Difference between revisions of "NYU HPC Access Instructions"

Revision as of 22:40, 6 January 2016

Accessing the NYU HPC Cluster

1. Log into the main HPC node:

      ssh <netid>@hpc.nyu.edu

2. From the HPC node, log into the Hadoop cluster:

      ssh dumbo

You will be using a set of commands, and it will save you some time to first create aliases for them. Once on "dumbo", run the following commands on your terminal:

bash

alias hfs='/usr/bin/hadoop fs '

export HAS=/opt/cloudera/parcels/CDH-5.4.5-1.cdh5.4.5.p0.7/jars

export HSJ=hadoop-streaming-2.6.0-cdh5.4.5.jar

alias hjs='/usr/bin/hadoop jar $HAS/$HSJ'

To be able to re-use these aliases every time you login to dumbo, append the following lines to the end of your .bashrc file: alias hfs='/usr/bin/hadoop fs '

export HAS=/opt/cloudera/parcels/CDH-5.4.5-1.cdh5.4.5.p0.7/jars

export HSJ=hadoop-streaming-2.6.0-cdh5.4.5.jar

alias hjs='/usr/bin/hadoop jar $HAS/$HSJ'

%% Note: you should not have any spaces around "="!

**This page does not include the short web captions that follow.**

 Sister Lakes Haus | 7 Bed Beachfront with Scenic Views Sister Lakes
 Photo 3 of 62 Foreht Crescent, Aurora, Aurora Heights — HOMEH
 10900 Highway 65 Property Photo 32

If you have bash as your default shell, do

     source .bashrc

This will create the aliases. If you have tcsh as your default shell, just invoke bash -- it will automatically read the .bashrc file and create the aliases.

Here are some common commands: hfs %% See available commands.

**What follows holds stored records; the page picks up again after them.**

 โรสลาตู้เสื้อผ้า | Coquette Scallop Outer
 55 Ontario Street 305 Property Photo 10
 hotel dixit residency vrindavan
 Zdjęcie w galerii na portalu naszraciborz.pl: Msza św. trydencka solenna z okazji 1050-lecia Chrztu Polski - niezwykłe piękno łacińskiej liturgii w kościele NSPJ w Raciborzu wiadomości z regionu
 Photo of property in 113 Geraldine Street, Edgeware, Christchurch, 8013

hfs -help %% more command details.

hfs -ls [<path>] %% List files

hfs -cp <src> <dst> %% Copy stuff

hfs -mkdir <path> %% Create path

hfs -rm <path> %% remove a file

hfs -chmod <path> %% Modify permissions.

hfs -chown <path> %% Modify owner.

Some remote access commands: hfs -cat <src> %% Cat contents to stdout.

hfs -copyFromLocal <localsrc> <dst> %% Copy stuff

hfs -copyToLocal <src> <localdst> %% Copy stuff

Using Hadoop Streaming

Hadoop streaming allows the use any program written in any language for mapreduce operations.
You can use the "hjs" alias you created to run Hadoop Streaming

To run the example I provided, do the following:

1) Copy the directory containing the Python files and input data to dumbo. You will first need to "scp" from your machine to the hpc node, and them from the hpc node to dumbo. Assuming the directory in your machine is called /Users/julianafreire/MRExample

      scp -r /Users/julianafreire/MRExample  your_netid@hpc.nyu.edu:

Then, from the hpc node:

      scp -r MRExample  dumbo

- Remember to replace your_netid with your actual netid!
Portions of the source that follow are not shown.